Une amie népalaise à Dhunkharka m’a dit un jour une phrase qui trotte utilement dans mon esprit : « L’avantage du voyageur, c’est que quoiqu’il vive, il s’en va et continue sa route. Alors mieux vaut prendre que le positif des expériences. » Et elle a raison. Je cesse de prendre sur moi et d’avoir l’esprit confus à cause d’un feeling qui ne passe pas bien avec cet étudiant indien. J’écoute ce que mon corps et mon intuition me dit. En voyage, c’est un outil très puissant. Prendre ce bus, respirer cette liberté solitaire, tant pis pour le compagnon de trek. Mieux vaut être seule que déprimée, car il faut combler les blancs gênant avec un type que je ne connais pas. Ce que j’apprends de cette rencontre inopportune est que l’internet mondial pour créer des rencontres, ça n’est pas fait pour moi, et surtout, que d’accepter n’importe quelle situation sans broncher au lieu d’opérer à des changements pour se sentir mieux, je le ferai à l’avenir.

Bien.

Mon itinéraire étant le plus flexible du monde, j’avais du temps devant moi pour vivre et marcher avec « le flow » malgré un budget un peu serré.


Itinéraire final

1 Pokhara 600 à Besi Sahar 760 (public bus) à Syange 1100 (with jeep)

2 Syange à Dharapani 1860

3 Dharapani à Chame 2670

4 Chame àLower Pisang 3200

5 Lower Pisang à Ngawal 3660 à Manang 3560

6 Ice Lake 4600

7 Manang à Tilicho Base Camp 4150

8 Base Camp à Tilicho Lake 4920 à Khangsar 3734

9 Khangsar à Thorung Phedi 4525

10 Thorung Phedi à High Camp 4925 à Thorung La Pass 5416 à Muktinath 3760

11 Muktinath à Lupra 2970

12 Lupra, dodo

13 Lupra (Gros rocher dangeureux le matin) à Jomson 2720

14 Jomson à Marpha 2670

15 Marpha à Lete 2480

16 Lete à Tatopani 1190

17 Tatopani à Chitre 2390

18 Chitre à Ghorepani 2860 à Deurali Pass 3090 à Tadapani 2630

19 Tadapani à Ghandruk 1940 à Kimche 1640 à Pokhara (by public bus)


Cinq heures à sauter sur le siège au rythme des trous réguliers et des pierres apparentes sur la route dite ‘highway’ vers Dumre puis quatre autres heures, compressée dans un autre bus public vers Besisahar.
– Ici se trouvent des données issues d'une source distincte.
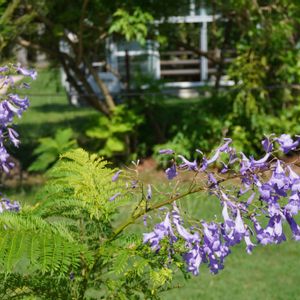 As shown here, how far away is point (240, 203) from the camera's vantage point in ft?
6.78

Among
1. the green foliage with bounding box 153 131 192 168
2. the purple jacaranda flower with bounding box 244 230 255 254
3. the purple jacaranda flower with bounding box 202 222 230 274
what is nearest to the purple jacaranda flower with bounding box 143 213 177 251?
the purple jacaranda flower with bounding box 202 222 230 274

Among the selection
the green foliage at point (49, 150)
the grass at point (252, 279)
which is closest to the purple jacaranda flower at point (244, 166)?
the grass at point (252, 279)

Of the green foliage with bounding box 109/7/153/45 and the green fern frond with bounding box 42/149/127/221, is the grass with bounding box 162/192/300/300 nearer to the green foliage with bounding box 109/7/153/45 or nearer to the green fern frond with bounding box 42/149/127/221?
the green fern frond with bounding box 42/149/127/221

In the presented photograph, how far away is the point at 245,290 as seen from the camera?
506 centimetres

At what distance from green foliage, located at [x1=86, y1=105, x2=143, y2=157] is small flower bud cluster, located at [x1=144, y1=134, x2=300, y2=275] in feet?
21.7

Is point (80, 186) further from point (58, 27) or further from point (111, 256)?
point (58, 27)

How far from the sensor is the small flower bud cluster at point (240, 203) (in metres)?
1.97

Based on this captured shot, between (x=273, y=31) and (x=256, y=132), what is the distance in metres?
1.24

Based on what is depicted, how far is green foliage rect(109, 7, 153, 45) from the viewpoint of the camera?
7.86m

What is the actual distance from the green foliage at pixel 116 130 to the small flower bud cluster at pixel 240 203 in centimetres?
660

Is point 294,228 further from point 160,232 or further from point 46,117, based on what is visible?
point 46,117

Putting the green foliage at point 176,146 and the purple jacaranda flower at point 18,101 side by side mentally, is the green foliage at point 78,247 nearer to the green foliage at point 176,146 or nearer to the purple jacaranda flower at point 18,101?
the purple jacaranda flower at point 18,101

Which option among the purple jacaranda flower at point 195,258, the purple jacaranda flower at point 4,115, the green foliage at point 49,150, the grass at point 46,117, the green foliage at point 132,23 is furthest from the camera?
the grass at point 46,117

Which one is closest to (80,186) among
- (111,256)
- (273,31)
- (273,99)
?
(111,256) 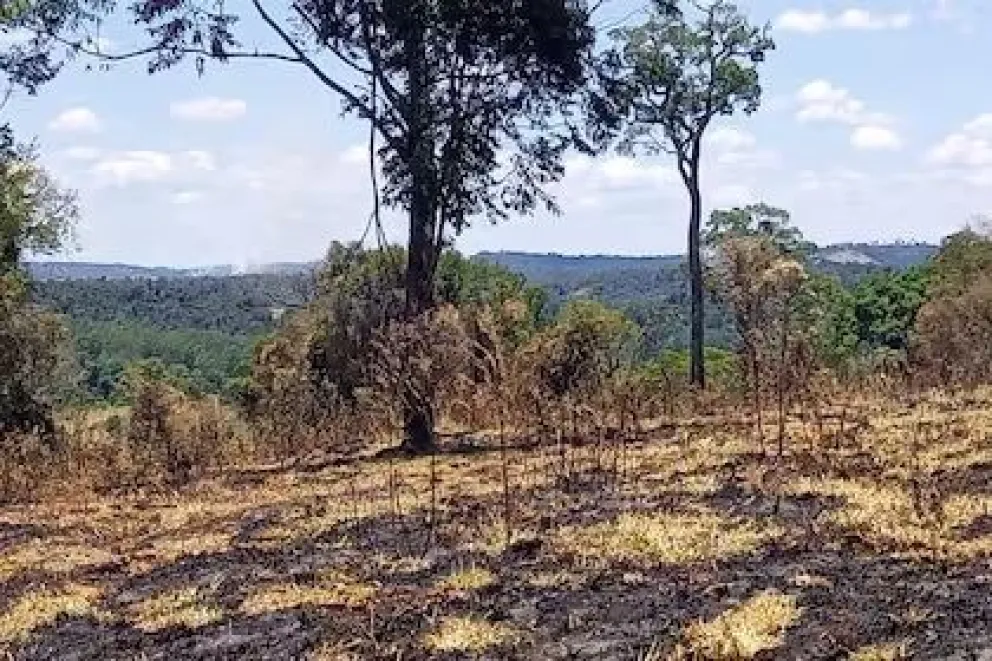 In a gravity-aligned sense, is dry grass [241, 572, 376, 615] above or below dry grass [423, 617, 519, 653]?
below

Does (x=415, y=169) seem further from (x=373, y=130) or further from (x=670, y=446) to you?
(x=670, y=446)

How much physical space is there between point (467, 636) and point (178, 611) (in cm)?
214

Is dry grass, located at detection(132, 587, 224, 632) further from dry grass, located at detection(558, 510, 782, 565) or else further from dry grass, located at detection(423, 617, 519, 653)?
dry grass, located at detection(558, 510, 782, 565)

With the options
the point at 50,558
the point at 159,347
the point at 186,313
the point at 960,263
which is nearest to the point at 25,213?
the point at 50,558

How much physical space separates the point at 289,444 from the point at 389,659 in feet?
41.0

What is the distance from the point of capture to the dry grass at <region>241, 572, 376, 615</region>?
288 inches

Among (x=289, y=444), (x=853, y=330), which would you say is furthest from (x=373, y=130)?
(x=853, y=330)

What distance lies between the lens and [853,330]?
217ft

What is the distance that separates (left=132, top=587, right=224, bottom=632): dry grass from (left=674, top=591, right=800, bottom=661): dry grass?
2.77 metres

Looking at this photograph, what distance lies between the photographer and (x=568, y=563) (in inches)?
302

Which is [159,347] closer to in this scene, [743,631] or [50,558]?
[50,558]

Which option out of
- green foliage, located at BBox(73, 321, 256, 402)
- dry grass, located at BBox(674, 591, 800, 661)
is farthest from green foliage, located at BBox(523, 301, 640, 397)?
green foliage, located at BBox(73, 321, 256, 402)

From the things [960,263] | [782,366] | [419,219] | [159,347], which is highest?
[419,219]

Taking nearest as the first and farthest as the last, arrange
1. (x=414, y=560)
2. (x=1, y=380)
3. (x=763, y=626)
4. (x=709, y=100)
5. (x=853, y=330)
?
(x=763, y=626) → (x=414, y=560) → (x=1, y=380) → (x=709, y=100) → (x=853, y=330) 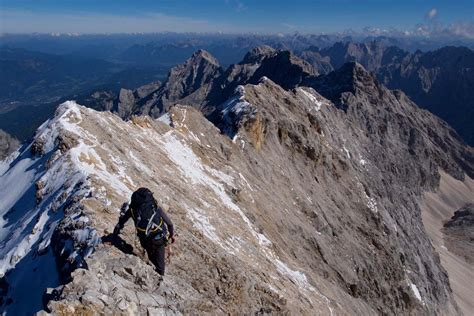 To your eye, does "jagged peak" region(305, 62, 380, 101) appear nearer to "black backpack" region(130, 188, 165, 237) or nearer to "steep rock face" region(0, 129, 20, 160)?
"steep rock face" region(0, 129, 20, 160)

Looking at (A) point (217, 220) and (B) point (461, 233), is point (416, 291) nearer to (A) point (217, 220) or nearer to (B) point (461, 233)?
(A) point (217, 220)

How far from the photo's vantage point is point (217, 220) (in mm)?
36188

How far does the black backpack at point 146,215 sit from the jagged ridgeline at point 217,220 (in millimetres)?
1648

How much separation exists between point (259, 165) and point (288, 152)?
433 inches

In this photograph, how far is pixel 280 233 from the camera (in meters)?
50.1

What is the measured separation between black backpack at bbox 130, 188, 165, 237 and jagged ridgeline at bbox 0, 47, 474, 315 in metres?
1.65

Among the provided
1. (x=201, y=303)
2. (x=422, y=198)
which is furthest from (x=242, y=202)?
(x=422, y=198)

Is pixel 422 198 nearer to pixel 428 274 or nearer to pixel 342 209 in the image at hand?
pixel 428 274

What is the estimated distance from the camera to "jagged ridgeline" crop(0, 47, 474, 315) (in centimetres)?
1912

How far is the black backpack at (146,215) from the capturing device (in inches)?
669

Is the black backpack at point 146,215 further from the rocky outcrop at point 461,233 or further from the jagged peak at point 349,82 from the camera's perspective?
the jagged peak at point 349,82

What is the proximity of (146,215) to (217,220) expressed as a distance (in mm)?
19530

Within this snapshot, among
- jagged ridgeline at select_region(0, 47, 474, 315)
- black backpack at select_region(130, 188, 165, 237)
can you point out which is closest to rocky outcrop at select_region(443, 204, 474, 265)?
jagged ridgeline at select_region(0, 47, 474, 315)

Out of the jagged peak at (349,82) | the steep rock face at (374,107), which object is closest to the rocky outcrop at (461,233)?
the steep rock face at (374,107) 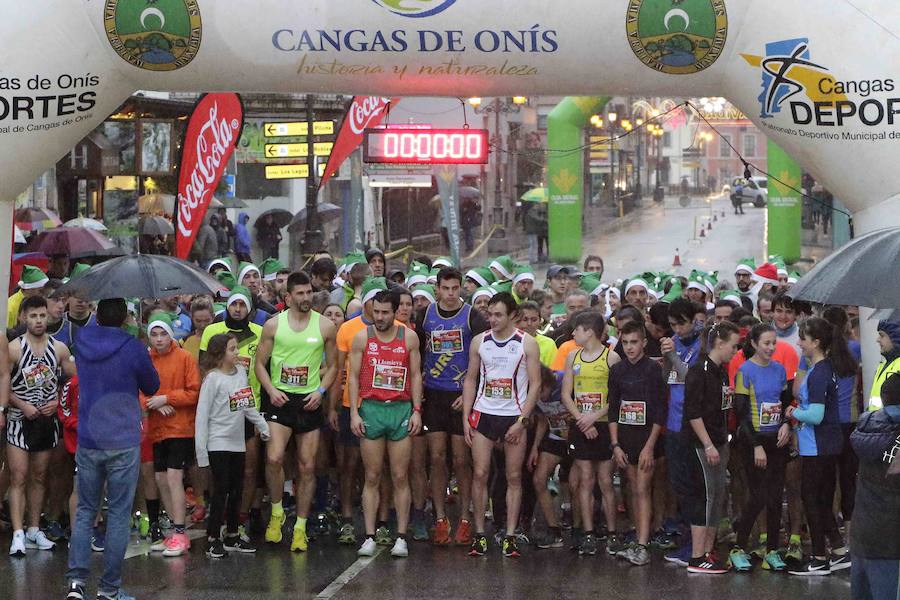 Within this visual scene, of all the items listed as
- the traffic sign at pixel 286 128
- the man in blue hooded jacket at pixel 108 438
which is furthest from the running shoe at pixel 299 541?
the traffic sign at pixel 286 128

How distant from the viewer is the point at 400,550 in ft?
30.9

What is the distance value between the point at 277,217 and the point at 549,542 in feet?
90.6

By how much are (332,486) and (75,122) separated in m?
3.39

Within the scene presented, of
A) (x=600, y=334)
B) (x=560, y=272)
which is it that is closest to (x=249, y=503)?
(x=600, y=334)

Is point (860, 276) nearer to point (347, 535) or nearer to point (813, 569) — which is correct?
point (813, 569)

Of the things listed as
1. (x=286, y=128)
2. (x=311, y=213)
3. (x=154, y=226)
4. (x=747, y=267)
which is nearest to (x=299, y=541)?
(x=747, y=267)

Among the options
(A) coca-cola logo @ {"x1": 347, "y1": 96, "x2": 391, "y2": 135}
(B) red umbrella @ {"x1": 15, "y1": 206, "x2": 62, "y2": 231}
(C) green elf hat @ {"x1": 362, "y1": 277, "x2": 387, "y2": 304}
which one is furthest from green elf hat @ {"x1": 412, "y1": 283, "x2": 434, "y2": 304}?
(B) red umbrella @ {"x1": 15, "y1": 206, "x2": 62, "y2": 231}

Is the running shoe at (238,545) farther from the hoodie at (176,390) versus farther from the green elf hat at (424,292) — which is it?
the green elf hat at (424,292)

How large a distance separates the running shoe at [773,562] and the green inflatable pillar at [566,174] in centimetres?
2233

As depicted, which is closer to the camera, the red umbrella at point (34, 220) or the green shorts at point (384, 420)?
the green shorts at point (384, 420)

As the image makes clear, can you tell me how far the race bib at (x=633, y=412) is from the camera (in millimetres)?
9469

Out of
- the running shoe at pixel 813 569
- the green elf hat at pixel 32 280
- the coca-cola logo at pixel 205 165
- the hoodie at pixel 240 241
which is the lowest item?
the running shoe at pixel 813 569

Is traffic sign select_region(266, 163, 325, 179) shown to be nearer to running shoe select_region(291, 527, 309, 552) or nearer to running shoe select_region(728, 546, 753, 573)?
running shoe select_region(291, 527, 309, 552)

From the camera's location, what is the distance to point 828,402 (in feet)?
29.5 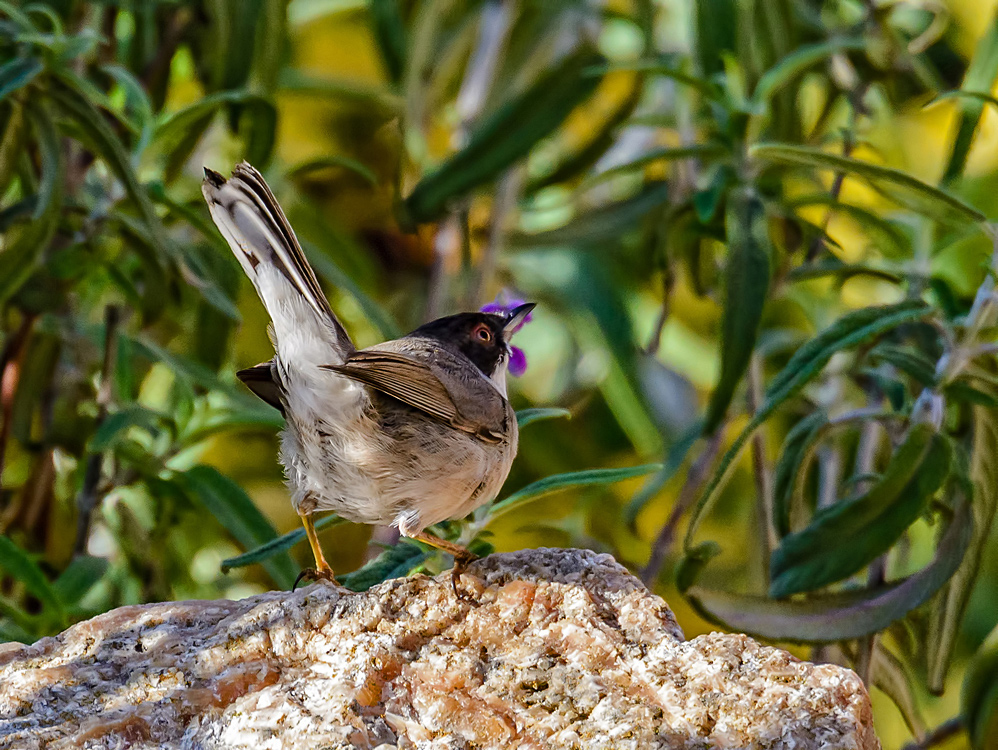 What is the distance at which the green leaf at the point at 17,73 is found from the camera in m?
3.11

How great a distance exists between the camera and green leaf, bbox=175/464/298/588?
3266 millimetres

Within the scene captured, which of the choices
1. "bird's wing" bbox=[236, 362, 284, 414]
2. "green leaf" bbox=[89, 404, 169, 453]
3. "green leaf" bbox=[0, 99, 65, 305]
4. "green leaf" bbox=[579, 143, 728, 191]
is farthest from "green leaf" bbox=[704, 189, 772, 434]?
"green leaf" bbox=[0, 99, 65, 305]

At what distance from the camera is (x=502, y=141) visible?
4.49m

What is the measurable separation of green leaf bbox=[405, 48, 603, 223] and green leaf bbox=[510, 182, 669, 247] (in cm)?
60

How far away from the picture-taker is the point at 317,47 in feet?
20.6

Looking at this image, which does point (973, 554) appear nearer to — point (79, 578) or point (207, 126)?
point (79, 578)

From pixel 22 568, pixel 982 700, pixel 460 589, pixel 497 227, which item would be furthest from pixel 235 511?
pixel 982 700

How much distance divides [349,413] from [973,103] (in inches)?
94.2

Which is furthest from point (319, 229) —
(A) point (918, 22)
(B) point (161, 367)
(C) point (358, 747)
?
(C) point (358, 747)

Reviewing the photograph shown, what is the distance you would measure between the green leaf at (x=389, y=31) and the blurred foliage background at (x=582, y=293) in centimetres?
2

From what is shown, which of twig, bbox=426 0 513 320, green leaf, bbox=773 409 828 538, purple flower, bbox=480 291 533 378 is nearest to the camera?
green leaf, bbox=773 409 828 538

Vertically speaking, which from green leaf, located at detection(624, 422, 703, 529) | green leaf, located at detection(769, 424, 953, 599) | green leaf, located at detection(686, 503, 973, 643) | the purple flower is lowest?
green leaf, located at detection(624, 422, 703, 529)

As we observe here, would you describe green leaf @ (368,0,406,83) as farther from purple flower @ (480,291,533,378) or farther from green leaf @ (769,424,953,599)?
green leaf @ (769,424,953,599)

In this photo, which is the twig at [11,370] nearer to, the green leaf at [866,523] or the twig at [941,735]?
the green leaf at [866,523] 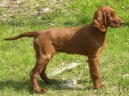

Impression de rôtir entre la chaleur ambiante et celle du moteur juste en dessous du siège, la transpiration et la moiteur des corps qui se collent et qui essaient de ne pas tomber ni se faire mal. L’oxygène est rare dans l’habitable instable. Dans ces moments, j’aurais tout fait pour voyager sur le toit du bus, mais impossible sur celui-là. Chance inouïe que de monter dans une jeep avec les habitants de Syange qui veulent rejoindre leur village avant la nuit depuis Besisahar, après deux heures d’attente et de questions insistantes dans la jeep office. C’était la dernière disponible de la journée. En tant que solo, c’était la partie la plus difficile : trouver une jeep presque pleine avec une petite place de disponible… Je veux tout faire pour commencer à marcher plus haut directement, peu importe si c’est à Bhulbhule, mais pas à Besishar. Je ne sens pas cette ville où les trekkeurs s’amassent en troupe pour le départ des véhicules à leur disposition depuis des mois déjà. Je respecte, ils ont payé cher, ils ont un guide, parfois des porteurs.

C’était un des conseils de Deebesh : en dessous de 1800m, il est préférable d’avancer plus vite sur le circuit, autrement la marche sur les sentiers certes magnifiques est assez longue jusqu’aux 2000m d’altitude où il est enfin possible de marcher côte à côte avec les Annapurnas. Goût de luxe en somme… Installée debout à l’arrière de la jeep, secouée comme une peluche malmenée, je goûte l’air frai des montagnes au crépuscule, enfin, après avoir suffoqué lamentablement avec tous les autres dans le bus public. C’est la vie, c’est le système ici.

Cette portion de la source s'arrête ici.